Durante o lançamento da pré-candidatura do senador Eduardo Girão ao governo do Ceará, Michelle Bolsonaro solicitou silêncio ao público e deixou claro que não vai firmar alianças com Ciro Gomes. A ex-primeira-dama destacou a necessidade de manter valores cristãos firmes na política.
O deputado federal André Fernandes rebateu a fala de Michelle, lembrando uma aproximação envolvendo o presidente e Ciro Gomes. Fernandes citou uma chamada já combinada para apoio ao ex-ministro, mantendo posição de fidelidade a decisões anteriores do núcleo do atual governo.

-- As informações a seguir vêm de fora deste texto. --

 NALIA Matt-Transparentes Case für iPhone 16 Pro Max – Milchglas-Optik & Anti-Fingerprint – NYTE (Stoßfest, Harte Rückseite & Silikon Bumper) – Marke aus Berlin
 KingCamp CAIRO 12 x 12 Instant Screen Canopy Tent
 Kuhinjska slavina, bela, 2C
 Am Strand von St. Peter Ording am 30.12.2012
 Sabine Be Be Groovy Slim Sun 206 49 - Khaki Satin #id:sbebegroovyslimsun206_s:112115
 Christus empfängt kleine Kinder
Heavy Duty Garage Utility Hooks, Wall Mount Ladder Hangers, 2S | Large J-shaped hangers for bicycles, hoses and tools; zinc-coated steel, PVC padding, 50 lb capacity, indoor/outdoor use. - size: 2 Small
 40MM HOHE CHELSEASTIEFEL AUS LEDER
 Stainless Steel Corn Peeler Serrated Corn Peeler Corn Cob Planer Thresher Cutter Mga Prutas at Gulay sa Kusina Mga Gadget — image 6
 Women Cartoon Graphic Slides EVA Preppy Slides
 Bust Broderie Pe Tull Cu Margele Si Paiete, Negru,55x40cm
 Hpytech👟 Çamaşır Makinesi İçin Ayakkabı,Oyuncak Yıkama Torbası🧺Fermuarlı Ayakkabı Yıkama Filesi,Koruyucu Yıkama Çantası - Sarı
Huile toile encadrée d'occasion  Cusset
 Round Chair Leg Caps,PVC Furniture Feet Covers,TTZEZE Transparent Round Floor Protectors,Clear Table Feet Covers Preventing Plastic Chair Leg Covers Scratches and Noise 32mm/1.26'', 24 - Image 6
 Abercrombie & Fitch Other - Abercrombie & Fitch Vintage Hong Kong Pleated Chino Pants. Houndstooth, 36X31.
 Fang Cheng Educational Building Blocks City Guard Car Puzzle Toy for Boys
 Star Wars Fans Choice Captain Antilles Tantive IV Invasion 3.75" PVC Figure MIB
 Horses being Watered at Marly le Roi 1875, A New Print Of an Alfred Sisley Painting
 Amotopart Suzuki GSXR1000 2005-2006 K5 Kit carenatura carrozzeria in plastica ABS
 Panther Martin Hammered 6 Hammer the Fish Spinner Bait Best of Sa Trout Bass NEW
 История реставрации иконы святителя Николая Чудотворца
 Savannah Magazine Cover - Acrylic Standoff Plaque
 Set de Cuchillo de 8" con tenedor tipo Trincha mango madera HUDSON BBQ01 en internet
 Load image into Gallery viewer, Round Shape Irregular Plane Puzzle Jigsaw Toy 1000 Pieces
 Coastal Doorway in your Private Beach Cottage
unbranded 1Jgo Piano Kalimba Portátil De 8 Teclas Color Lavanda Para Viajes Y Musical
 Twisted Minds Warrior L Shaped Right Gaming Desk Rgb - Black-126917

Sebastião Coelho, advogado, acompanhou o tom crítico, afirmando que Ciro pode ser candidato, mas não representa a direita de forma única. O evento também contou com a participação de apoiadores de Girão e de outros membros do centrão cearense.
Contexto político no Ceará
Antes do ato, Michelle já criticava aproximações entre a direita e Ciro Gomes, com foco na filiação de André Fernandes ao PSDB. Fernandes participou do ato de filiação, enquanto Michelle reforçava a defesa de valores conservadores.
Elmano de Freitas, atual governador pelo PT, pode disputar a reeleição; Roberto Cláudio também deixou o PDT, entrando no radar de alianças locais. Michelle tem percorrido o país articulando pré-candidaturas ao Senado e aos governos estaduais.
Cenário nacional e desdobramentos
A–ex-primeira-dama tem sido citada como cotada para substituir Jair Bolsonaro na disputa presidencial de 2026 ou para compor como vice na chapa com Tarcísio de Freitas. O governador de São Paulo busca reeleição e conta com o apoio do PSD para uma eventual chapa presidencial.